If I were a man, if this were the nineteenth century, I would have a study, and not only would everybody stay away from my study like it was the cave of a mythic, terrifying creature, somebody (probably my wife) would be making me breakfast, putting it outside my door, making my bed, feeding the kids, making sure the house was tidy, so that when I came out I didn’t get ruffled.

Do I want that, that tyranny of rule, the biggest room in a small house, bigger than the living room, or the kitchen, forcing all the kids together in one small room at the back, so that I can Write? No. Nope, don’t want that. So this is the struggle of finding the time to write, in a house where labors are shared, in a person (me) who has trouble finding and holding attention. This time really matters to me, this time is brittle. Attention broken, attention splintered, attention lost. “I know you’re writing but can you just answer this question tie this shoe find my glasses call school and see if they’re open today remind Siri that Jesse is coming for a play date?” And then you come back to the table and start again.

I read about Flannery O’Conner, who, I didn’t realize, died of Lupus when she was only 39. And in that fleeting time made herself famous, that’s how hard working and talented she was. Speaking of confidence, when asked what motivated her writing, she said, “I’m good at it.” The person who asked the question was so baffled by her confidence that he thought at first she had misunderstood him.

I recall, as I have before, the boy in my playwriting class, who read his play out loud and had to stop because he was laughing so hard, overcome with delight at his own romping imagination. I sat there in my dry, tortured silence, wondering what it would be like to be so pleased by your own words, so taken with your own stories. I asked my teacher, way back then, “how do you get the words to flow like that,” and he said, basically, “I have no idea. If I could tell you, I would be a rich man travelling the world instead of a poor teacher sitting here talking to you.”

What I would say to myself now, sitting here, after all these years, is that it’s much harder if you’re not burbling over with delight at yourself, but you can still sit down every day, for some hours, and find your way to something. That would be Melville, probably, Van Gogh, and Cezanne. Artists who kept after it, doggedly, not always joyfully, finding their skill with bullheadedness.

I am not afraid of success. For some reason that idea makes me angry, makes me furious, makes me enraged. I can’t remember who said it, but it’s a commonplace that haunts me, that was thrown at me once, and I don’t even know what it means. Here it is: I am afraid of failing, of getting trapped in silence. Worse: what if I open my mouth to speak, or sing, and the song that comes out is croaked and broken, people can’t bear to listen to it, they wander away, and now they know two things they didn’t know before: how bad my voice is, and how much I wanted to be listened to. Wouldn’t it be better to bake cakes? Everybody likes cake. Isn’t this a fool’s game, the path of egomaniacs, narcissists, dreamers?
My writing practice is about becoming comfortable with that fear, touching its bristly, oily fur, running my fingers behind its ears, learning not to back away from it, learning to get past it, and sit down at the table and work.
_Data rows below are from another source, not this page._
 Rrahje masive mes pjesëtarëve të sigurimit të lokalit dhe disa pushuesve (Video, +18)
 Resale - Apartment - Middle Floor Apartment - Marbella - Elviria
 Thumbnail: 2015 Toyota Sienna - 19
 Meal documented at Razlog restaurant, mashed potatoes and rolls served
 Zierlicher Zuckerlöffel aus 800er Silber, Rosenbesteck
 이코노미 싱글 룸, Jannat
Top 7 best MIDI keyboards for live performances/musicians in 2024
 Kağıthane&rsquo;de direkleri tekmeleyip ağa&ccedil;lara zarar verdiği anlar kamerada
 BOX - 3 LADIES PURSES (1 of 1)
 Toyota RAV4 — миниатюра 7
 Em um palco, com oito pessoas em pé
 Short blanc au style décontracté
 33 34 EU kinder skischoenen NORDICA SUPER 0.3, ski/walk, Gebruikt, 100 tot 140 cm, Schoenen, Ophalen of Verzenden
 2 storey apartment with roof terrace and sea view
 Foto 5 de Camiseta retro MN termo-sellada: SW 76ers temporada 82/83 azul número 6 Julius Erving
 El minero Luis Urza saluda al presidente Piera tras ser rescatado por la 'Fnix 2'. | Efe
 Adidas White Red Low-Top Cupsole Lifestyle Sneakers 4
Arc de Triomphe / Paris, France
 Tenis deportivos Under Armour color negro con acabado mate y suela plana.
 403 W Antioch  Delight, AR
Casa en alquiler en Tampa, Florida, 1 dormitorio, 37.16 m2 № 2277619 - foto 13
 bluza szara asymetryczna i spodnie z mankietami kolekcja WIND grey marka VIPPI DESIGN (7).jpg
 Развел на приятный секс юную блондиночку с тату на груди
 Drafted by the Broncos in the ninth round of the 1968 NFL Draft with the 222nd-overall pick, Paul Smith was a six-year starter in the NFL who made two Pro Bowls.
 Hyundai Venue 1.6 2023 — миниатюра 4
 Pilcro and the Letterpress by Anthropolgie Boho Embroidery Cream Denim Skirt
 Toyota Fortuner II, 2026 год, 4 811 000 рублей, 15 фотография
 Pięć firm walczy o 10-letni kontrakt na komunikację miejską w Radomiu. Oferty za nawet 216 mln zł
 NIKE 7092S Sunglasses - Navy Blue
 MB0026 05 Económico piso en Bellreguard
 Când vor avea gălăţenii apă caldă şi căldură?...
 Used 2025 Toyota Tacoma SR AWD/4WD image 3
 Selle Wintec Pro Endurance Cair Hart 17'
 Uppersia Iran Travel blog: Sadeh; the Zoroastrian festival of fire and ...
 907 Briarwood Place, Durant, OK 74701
This morning I read about Nathaniel Hawthorne and Ernest Hemingway. Two such different men: one of them austere and puritanical, but generous, with a deep, connected, sexual relationship with his wife; the other insecure, bombastic, alcoholic, and cruel (or at least unkind) to the four wives he went through. What they had in common: each was disciplined, working four hours every morning, hurricanes and hangovers and death in the family notwithstanding. And each struggled to find acceptance. Both kept writing through rejection after rejection, finding and refining and polishing a style, until something finally clicked. By the time they found acclaim as writers the hard work had made them writers already, whether they had acclaim or not, the title writer could not be bestowed or taken from them. Hemingway wrote his mother– “you cannot know how much it pains me to think you are ashamed of this when I know it is not to be ashamed of.” And still he kept at it, over and over.

Anyone can make themselves a writer, just by having the resolve to show up for it, over and over, until they understand what they want to say, and how to say it.